C.F.: Come è scomparsa la civiltà nuragica? Forse un cataclisma?

Navicella cuoriforme: Cataclisma? Ma no, semplicemente son cambiati gli assetti socio-culturali e politici nell’isola.

C.F.: Avete mai sentito parlare di Atlantide?

Navicella fusiforme: Ma non si chiama Atlantide, forse vuoi dire Antas! Il tempio del Sardus Pater Babai, centro nevralgico della nostra civiltà Shardana. Solo gli egizi la chiamavano Atlantide! Eravamo noi!!!

Navicella cuoriforme

Navicella cuoriforme: È stato fatto il grave errore di identificare la Sardegna con Atlantide motivandolo con il verificarsi di un apocalittico evento naturale, come lo tzunami, che avrebbe provocato la distruzione dei nuraghi e di conseguenza il collasso della civiltà nuragica. Vedi Claudio è la pareidolia che, come nel mio caso, fa ricondurre alla mente umana forme note di oggetti o profili dalla forma casuale, infatti in quello che chiamano “scafo” c’è una scimmietta! Riprendendo l’argomento… i motivi dei primi crolli delle sommità dei nuraghi sono senz’altro dovuti a cedimenti strutturali, ed è uno degli aspetti ancora in corso di studio da parte degli archeologi. Ecco perché nei nuraghi troviamo già nei crolli le tracce di frequentazione dei “Phoinikes” nell’età del Ferro, mentre all’interno dei villaggi intorno al nuraghe dove la vita quotidiana è proseguita, le tracce possono risultare più evidenti.

C.F.: Tanta sicurezza della Navicella fusiforme nell’affermare che Sardegna, Atlantide e Shardana siano coincidenti tra loro, fa supporre che esistessero anche dei testi scritti. Esiste una scrittura autoctona dell’isola?

Navicella fusiforme: Ma certo che sì! Ho una cugina a Teti, in terracotta, con segni di scrittura nuragica tra cui il famoso pugnaletto shardana.

C.F.: Perdonatemi, ma siamo sicuri prima di tutto che quel reperto rappresenta una barca, e che l’immagine graffita di un pugnaletto sia un segno di scrittura vero e proprio?

Navicella trilobata: No, non lo interpreterei come un segno di scrittura, piuttosto lo vedo come un simbolo, una marcatura, come puoi vedere, anche noi siamo ricche di decorazioni e simboli: colonnine, animali, figurine umane. In molti casi ci son state addirittura interpretazioni fantasiose di tracce di aratura, segni del tempo o iscrizioni moderne, scambiate per segni alfabetici sardi. Un po’ ridicolo non trovi?

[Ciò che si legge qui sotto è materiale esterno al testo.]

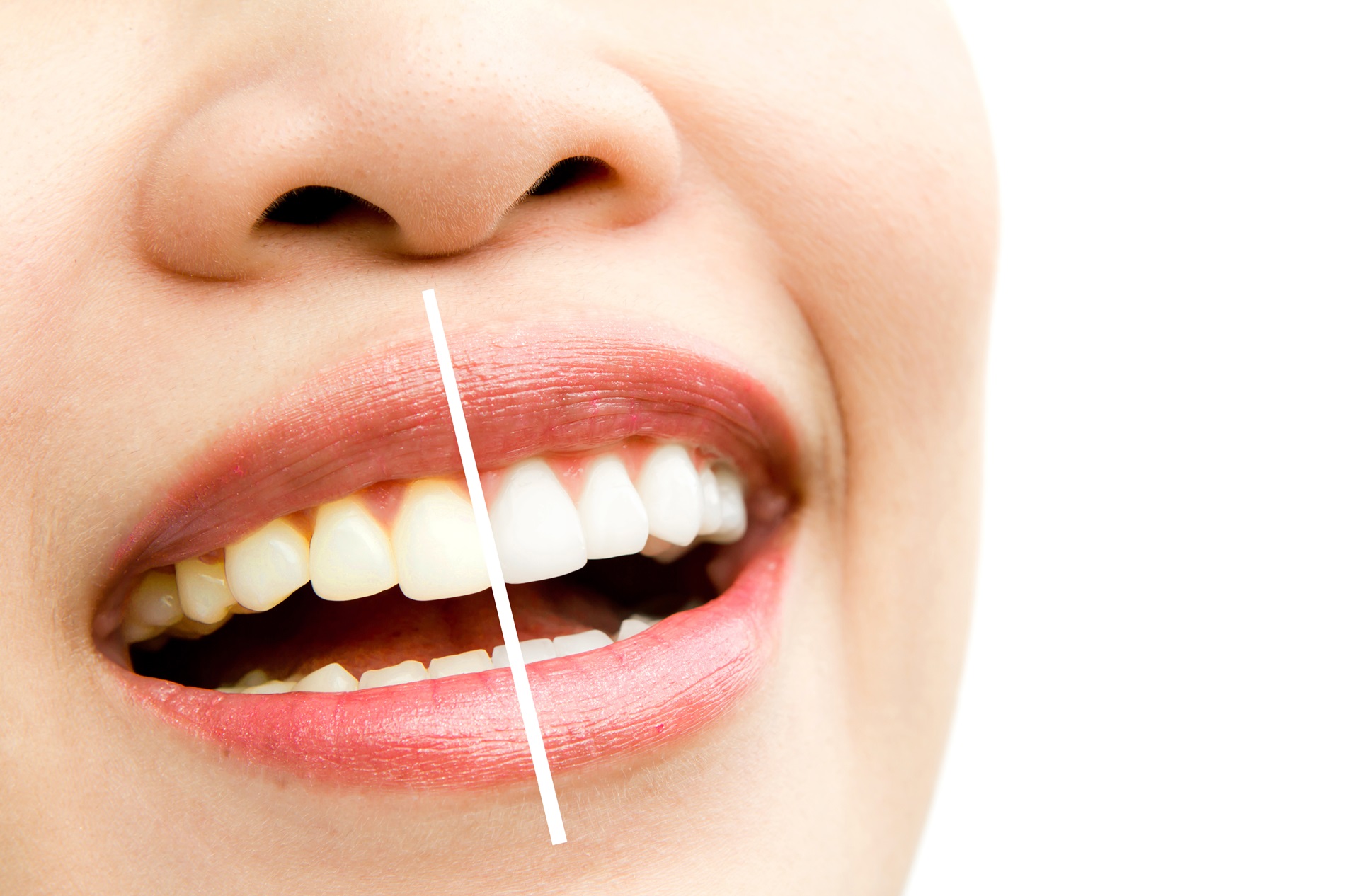 Dentist in Putney offering discount on teeth whitening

C.F.: Hai parlato di ridicolo e interpretazioni discutibili: quali sono secondo voi le logiche che hanno portato a ridicolizzare la Sardegna e la sua archeologia a questi livelli?

Navicella cuoriforme: Sicuramente la necessità di sensazionalismo unitamente ad un marketing poco oculato e a una propaganda politica indipendentista che ha cavalcato l’onda, hanno prodotto termini come “giganti”, ”shardana”, “Atlantide”, “flotta shardana”. Noi “bronzetti” e i “giganti” siamo rappresentazioni in bronzo o in pietra, espressione del linguaggio figurativo dell’isola, e pertanto in alcuni casi coevi. Quanto ad Atlantide, è esistita solo nella mente di Platone.

C.F.: Gruppi di appassionati e “studiosi indipendenti” hanno addirittura proposto ipotesi ricostruttive delle navi sarde basandosi anche sulle vostre forme e dettagli: le trovate attendibili?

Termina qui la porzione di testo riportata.